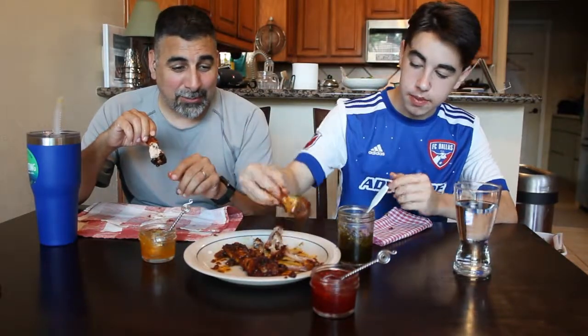So there you go, folks — certified tasty from a 17-year-old soccer player. Thanks for watching Cooking with Mario and Claire, and today with Marco. Don't forget to subscribe. Definitely smoke some wings — hitting them with a glaze is a really nice way to finish them off. Hit the subscribe button, hit the bell for reminders, and follow us on Facebook at Cooking with Mario and Claire.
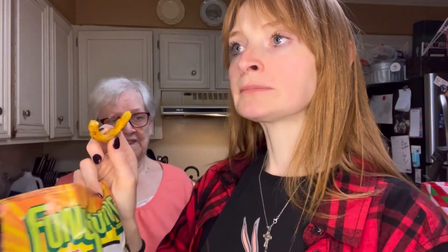It's dark — here we go. First taste. It kind of has that chicken flavor — that's weird.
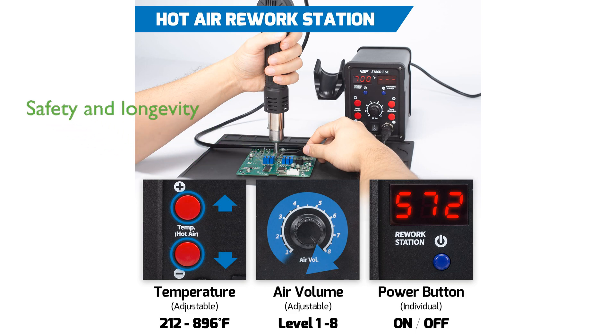For user safety and device longevity, the hot air station features a standby mode that cools the hot air gun when placed in its holder.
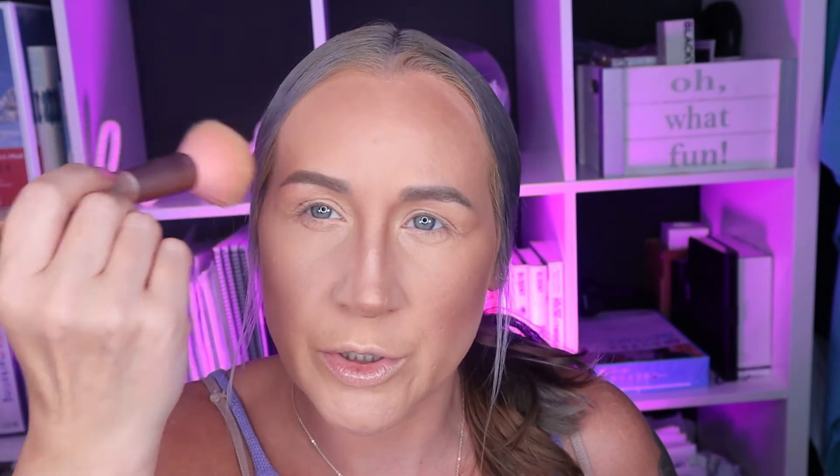You put the bronzer here and here — on the top portion of your cheekbone — and blend it upwards. I'm going to play with it a little bit longer. Let me do my eye makeup off camera and my lips, and then I'll come back to show you how to highlight certain parts of your face with the highlighter.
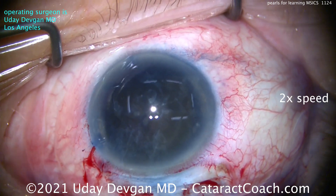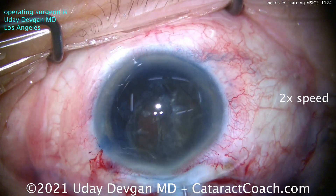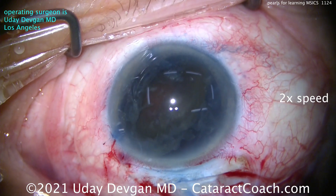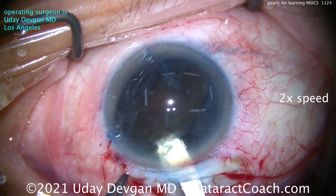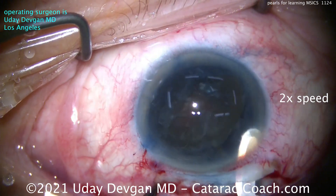Now we've got the full nucleus available above the capsular rim and even above the iris. Apply more dispersive viscoelastic going under the nucleus and above it — very important. That dispersive viscoelastic needs to protect the corneal endothelium as well as the posterior capsule. Now we use our crescent to open the incision up to its full size.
------------------------------
Word for word, restate all of the entries above and leave each picture out.

So there you go, folks — certified tasty from a 17-year-old soccer player. Thanks for watching Cooking with Mario and Claire, and today with Marco. Don't forget to subscribe. Definitely smoke some wings — hitting them with a glaze is a really nice way to finish them off. Hit the subscribe button, hit the bell for reminders, and follow us on Facebook at Cooking with Mario and Claire.
It's dark — here we go. First taste. It kind of has that chicken flavor — that's weird.
For user safety and device longevity, the hot air station features a standby mode that cools the hot air gun when placed in its holder.
You put the bronzer here and here — on the top portion of your cheekbone — and blend it upwards. I'm going to play with it a little bit longer. Let me do my eye makeup off camera and my lips, and then I'll come back to show you how to highlight certain parts of your face with the highlighter.
Now we've got the full nucleus available above the capsular rim and even above the iris. Apply more dispersive viscoelastic going under the nucleus and above it — very important. That dispersive viscoelastic needs to protect the corneal endothelium as well as the posterior capsule. Now we use our crescent to open the incision up to its full size.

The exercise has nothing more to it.